Do you need Vitamin and Mineral Supplements?

by Jsantos, February 11, 2017

Do you need Vitamin and Mineral Supplements?

8 Items on Your Checklist to Evaluate

Vitamins and minerals have different roles in our bodies. A proper mixed of them must be consumed trough our diet. However, there might be some factors in our daily routines contributing to block and receive the amount we requiere. Therefore, promoting the need to consume vitamin and mineral supplements. Are you experimenting one or more of the following?

Poor digestion

Even when food intake is adequate, inefficient digestion can limit your body’s uptake of vitamins. Some common causes of inefficient digestion are not chewing well enough and eating too fast. Both of these result in larger than normal food particle size, too large to allow complete action of digestive enzymes. Many people with dentures are unable to chew as efficiently as those with a full set of original teeth.

Hot coffee, tea, and spices

Habitual drinking of liquids that are too hot and consuming an excess of irritants such as coffee, tea, pickles and spices can cause inflammation of digestives linings, resulting in a drop in secretion of digestive fluids and poorer extraction of vitamins and minerals from food.

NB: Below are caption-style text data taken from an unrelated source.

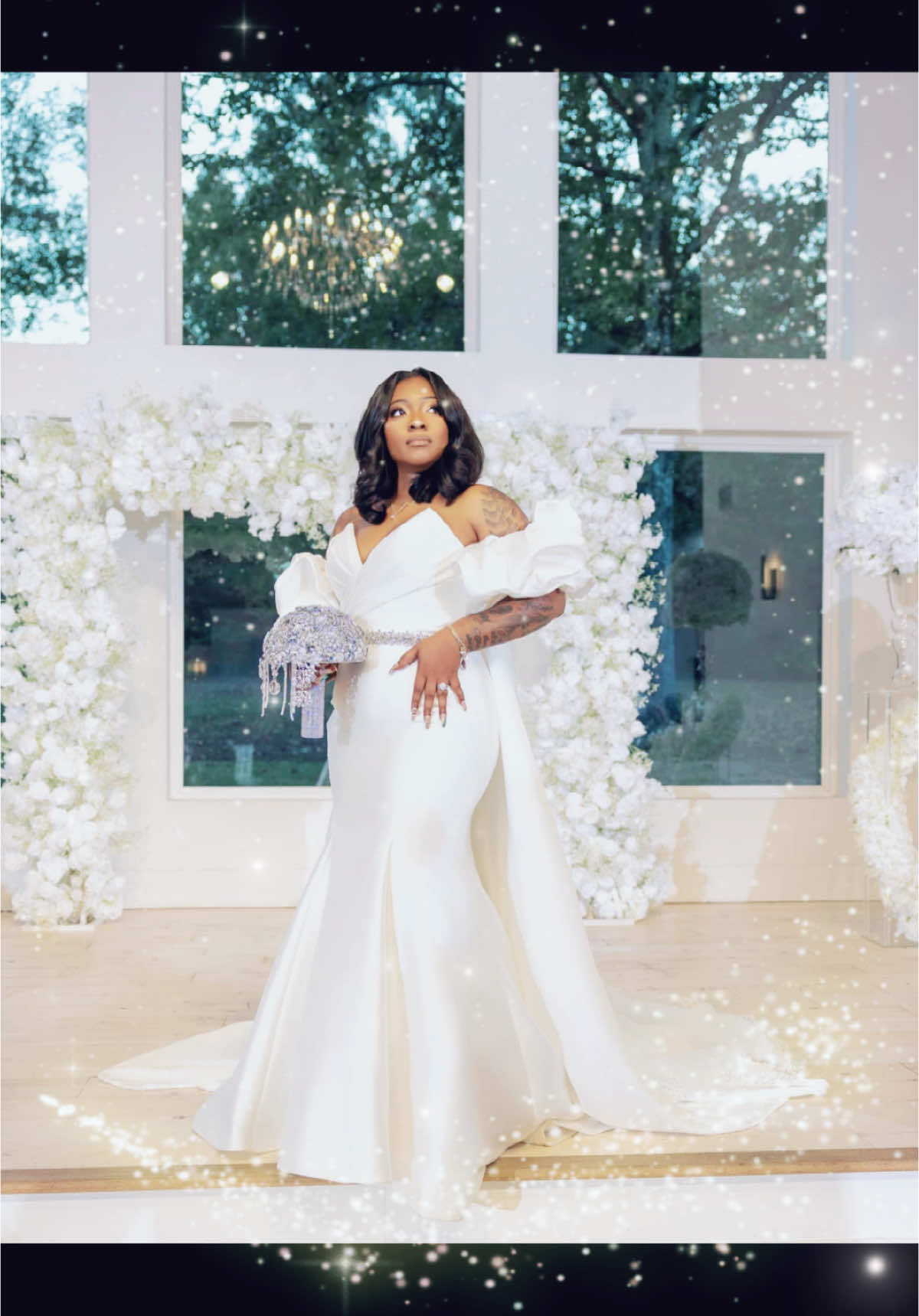 Beautiful, she carried the HELL out of that full brooch. She made that dang look damn goooood#viralvideo #wedding #bouquet #itsmyday #blingbling #brooch #planningawedding 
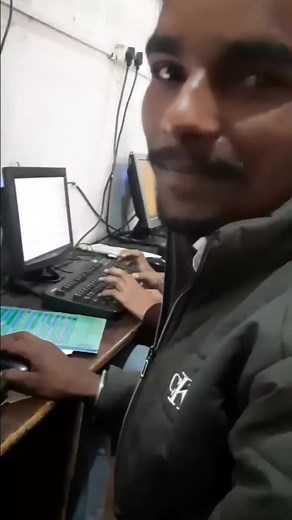 570K views · 4.5K reactions | Highlight row in excel using conditional formatting #excel #tranding #viralvideo #youtuber #technical | Technical Skill | Facebook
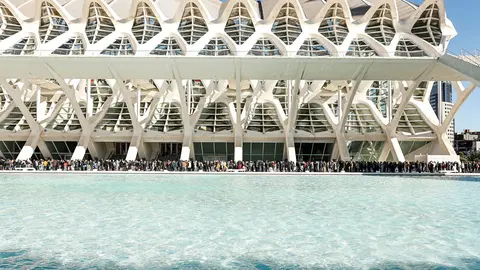 03 December 2021, Spain, Valencia: People queue at the Principe Felipe Science Museum before receiving their anti-coronavirus vaccine jabs during a vaccination campaign. Photo: Rober Solsona/EUROPA PRESS/dpa.
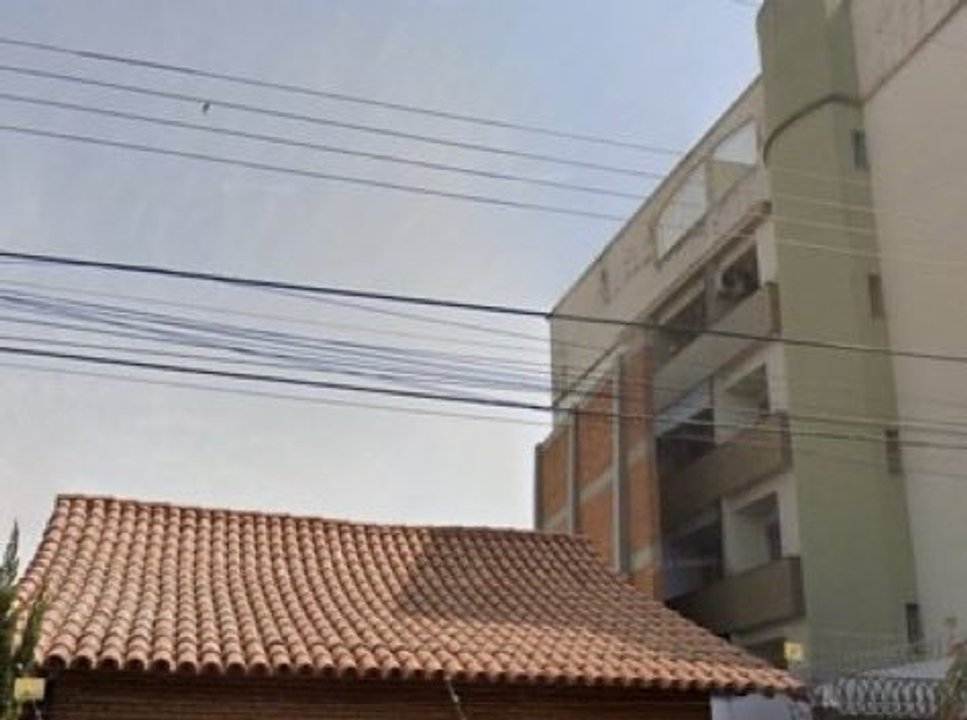 Es viral: discusión en las redes por este vecino que levantó un paredón gigante frente a los balcones de un edificio lindero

Drinking too much alcohol can damage the liver and pancreas, which are vital to digestion and metabolism. It can also damage the lining of the intestinal tract and adversely affect the absorption of nutrients, leading to sub-clinical malnutrition. Regular use of alcohol increases the body’s need for B-group vitamins, particularly thiamine, niacin, pyridoxine, folic acid, vitamins B12, A and C as well as the mineral zinc, magnesium and calcium. Alcohol affects availability, absorption and metabolism of nutrients.


Smoking is also an irritant to the digestive tract and increases the metabolic requirements of vitamin C, all else being equal, by at least 30 mg per cigarette over and above the requirements of a nonsmoker. Vitamin C, which is normally present in such foods as cabbage, onions, oranges and grapefruit, oxides rapidly once these fruits are cut, juiced, cooked or stored in direct to light or near heat. Vitamin C is important to the immune function.


Overuse of laxatives can result in poor absorption of vitamins and minerals from food, by hastening the intestinal transit time. Paraffin and other mineral oils increase losses of fat-soluble vitamins A, E and K. Other laxatives used to excessively can cause large losses of minerals such as potassium, sodium and magnesium.

Fad diets

Discarding whole groups of foods can cause a serious lack in vitamin intake. Popular low-fat diets, if taken to an extreme, can be deficient in vitamins A, D and E. Vegetarian diets, which exclude meat and other animal sources, must be very skillfully planned to avoid vitamin B12 deficiency, which may lead to anemia.


Lengthy cooking or reheating meat and vegetables oxidizes and destroys heat-susceptible vitamins such as the B-group, C and E. Boiling vegetables removes water-soluble vitamins, such as B-group, C and many minerals. Light steaming is preferable. Some vitamins, such as vitamin B6, can be destroyed by microwave irradiation.

Food processing

Freezing food containing vitamin E can significantly reduce its levels once defrosted. Foods containing vitamin E exposed to heat and air can turn rancid. Manny common sources of vitamin E, such as bread and oils are highly processed, so that the vitamin E content is significantly reduced or missing, which increases storage life but can lower nutrients levels. Vitamin E is an antioxidant, which defensively inhibits oxidate damage to all tissues. Other vitamin losses from food processing include vitamins B1 and C.